(SUPPLIED DATA):
-- Opening Marker --
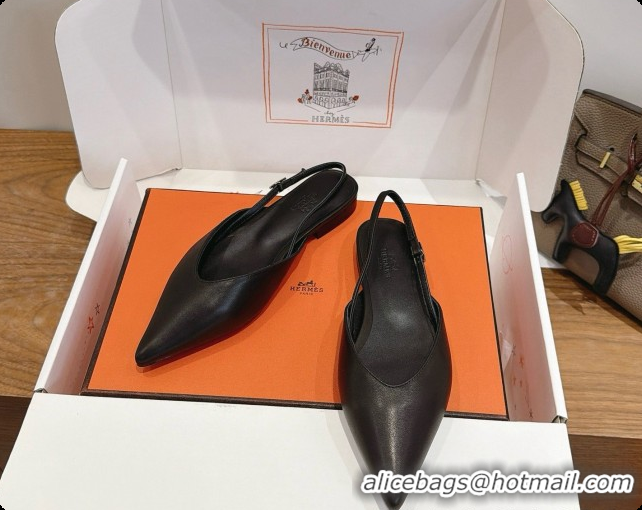 Best Grade Hermes Nicoletta Slingback in Black Leather 6080616 2026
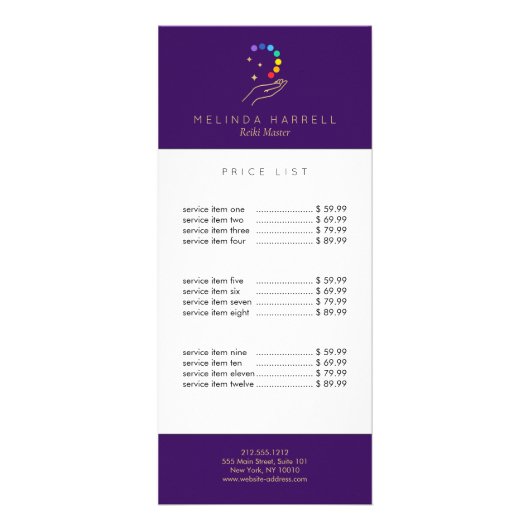 Healing Hand Logo Reiki, Massage Bright Paarse Reclamekaart (Voorkant)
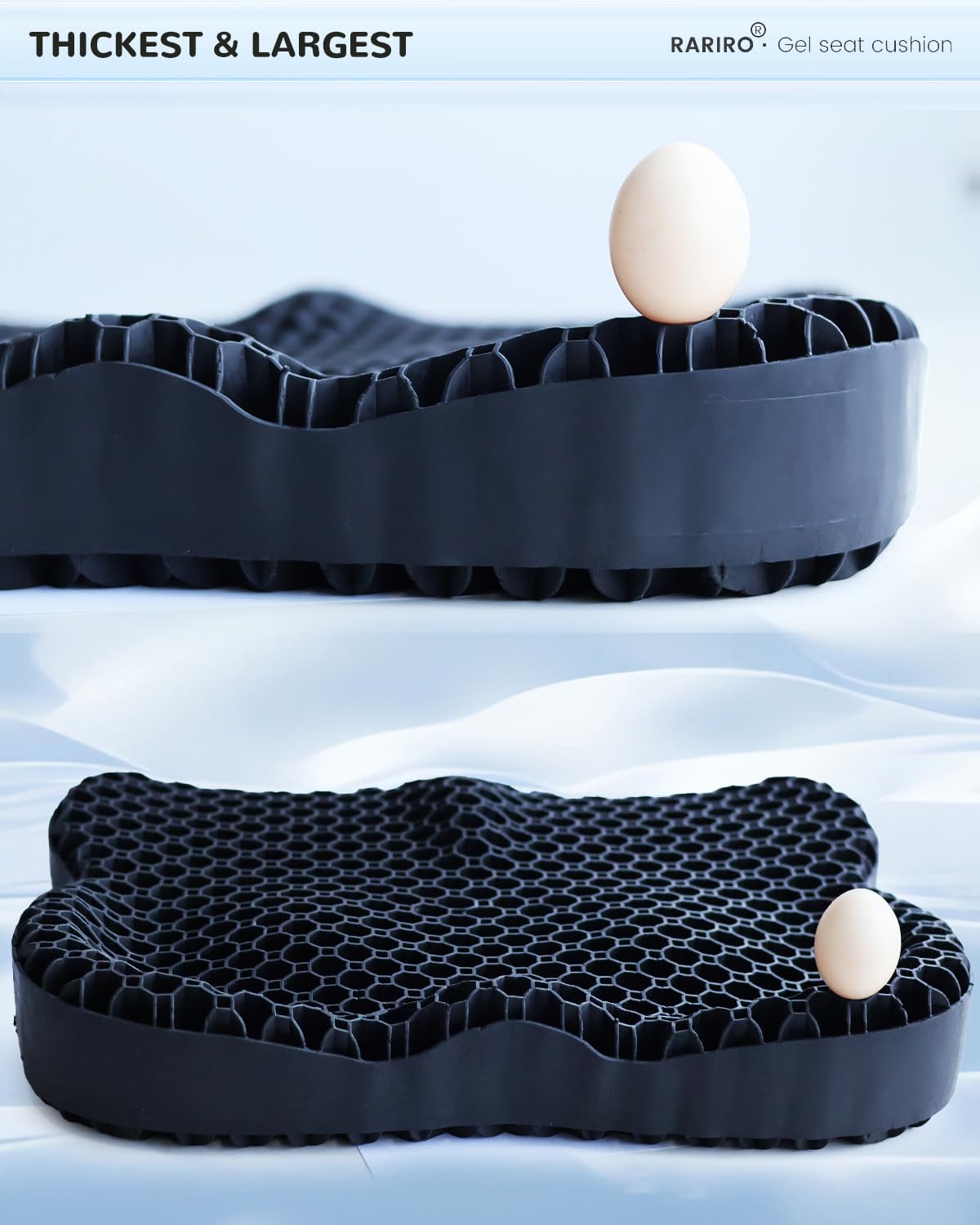 Żelowa poduszka na siedzisko, poduszka z nadrukiem, podwójna struktura, ergonomiczna struktura plastra miodu, krzesło biurowe, miękkie siedzisko, krzesło biurowe, kość ogonowa, rwa kulszowa, poduszka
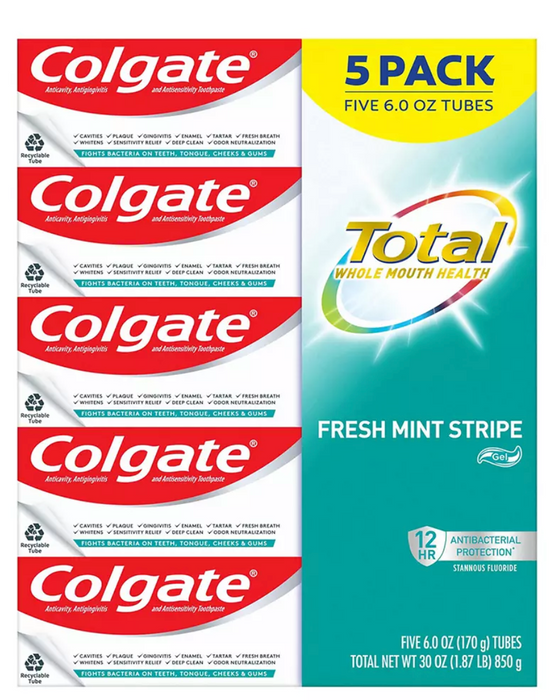 Colgate Total Mint Stripe Gel, 5-Pack , 5 x 6 oz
-- Closing Marker --
Pictures stay out; reproduce exactly the lines from the one containing "Healing Hand Logo" through the end of the data.

(ANSWER):
 Healing Hand Logo Reiki, Massage Bright Paarse Reclamekaart (Voorkant)
 Żelowa poduszka na siedzisko, poduszka z nadrukiem, podwójna struktura, ergonomiczna struktura plastra miodu, krzesło biurowe, miękkie siedzisko, krzesło biurowe, kość ogonowa, rwa kulszowa, poduszka
 Colgate Total Mint Stripe Gel, 5-Pack , 5 x 6 oz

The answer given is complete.